Properties of coherent risk measures

A

Where X and Y represent future values and rho, ρ(.), is the risk measure, a coherent risk measure must meet all four (4) of the following conditions:

  1. Sub-additivity (the most relevant condition): ρ(X + Y) ≤ ρ(X) + ρ(Y)
  2. Monotonicity: Y ≥ X → ρ(Y) ≤ ρ(X)
  3. Positive homogeneity: ρ(λ*X) = λ*ρ(X) for λ > 0
  4. Translation invariance: ρ(X + c) = ρ(X) – c for some certain amount of n

Both expected shortfall (ES) and value at risk (VaR) are special cases of the general risk measure, however only ES qualifies as a spectral measure; spectral measures are necessarily coherent because (in part) they reflect well-behaved risk-aversion. Expected shortfall is coherent, which implies ES is always sub-additive.
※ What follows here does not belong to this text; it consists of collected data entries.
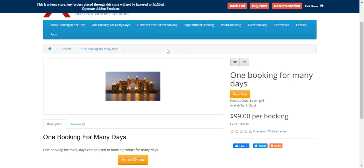Hello and welcome to this new video tutorial of OpenCart Advanced Booking and Reservation System. This particular plugin can be used to create booking and reservation for products, and it will be able to implement booking and reservation for products in your OpenCart website.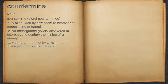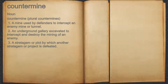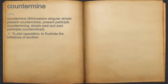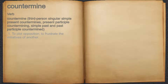3. A stratagem or plot by which another stratagem or project is defeated. Countermine. Verb. 1. To plot opposition, to frustrate the initiatives of another.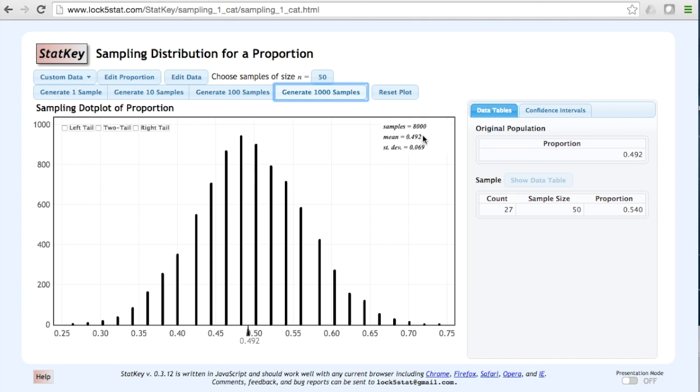The mean proportion across these 8,000 samples is 0.492. This is equal to our original population proportion.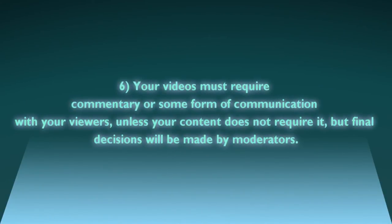Number six: Your videos must require commentary or some form of communication with your viewers unless your content does not require it, but final decisions will be made by moderators.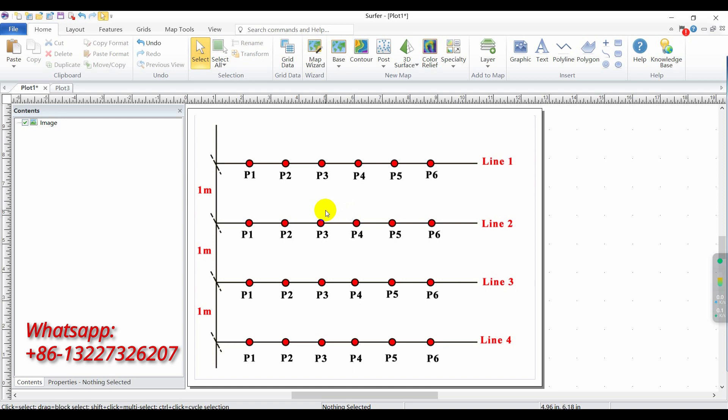Next, let's move on to today's topic: how to create ADMT strike map analysis.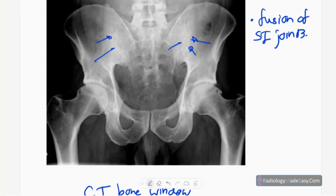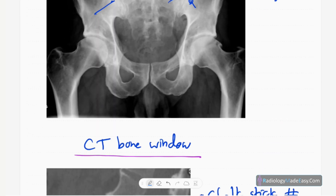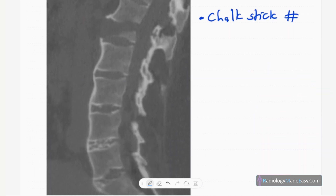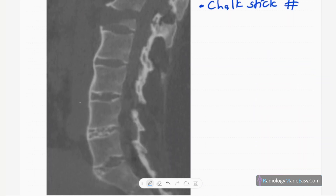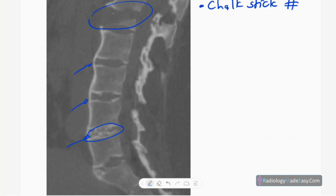Another example of ankylosing spondylitis on CT bone window shows syndesmophyte formation and ossification of the anterior longitudinal ligament. You can also see ossification of the intervertebral disc and a fracture of the vertebral body — called a chalk stick fracture.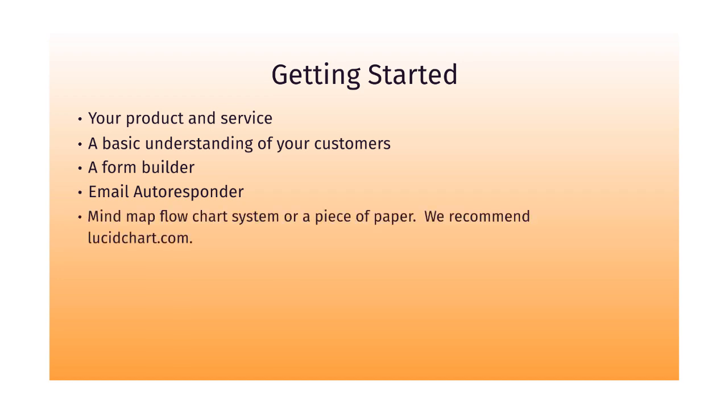Last but not least, you will need a mind map flowchart system or a piece of paper. We recommend lucidchart.com. You can use a piece of paper, but you'll see why in just a minute that using a piece of paper is not the most ideal situation, especially when you begin to map things out and you need to move things around.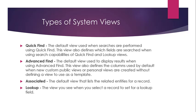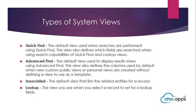So there are four types of system views: the quick find, advanced find, associated, and lookup system views. We'll start taking a look at each one of them.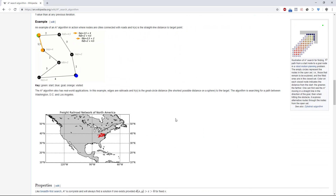Hello and welcome back to Coding with Unity. Today we'll be going over the A* algorithm, what it is, how it works, and how to implement it into Unity.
Value at risk (VaR) on the other hand, is not a spectral measure: VaR is not always sub-additive (i.e., VaR is only sub-additive if the distribution is elliptical/normal) and therefore VaR is not coherent.

!Non-subadditivity is treacherous because it suggests that diversification might be a bad thing, which would suggest the laughable conclusion that putting all your eggs into one basket might be good risk management practice!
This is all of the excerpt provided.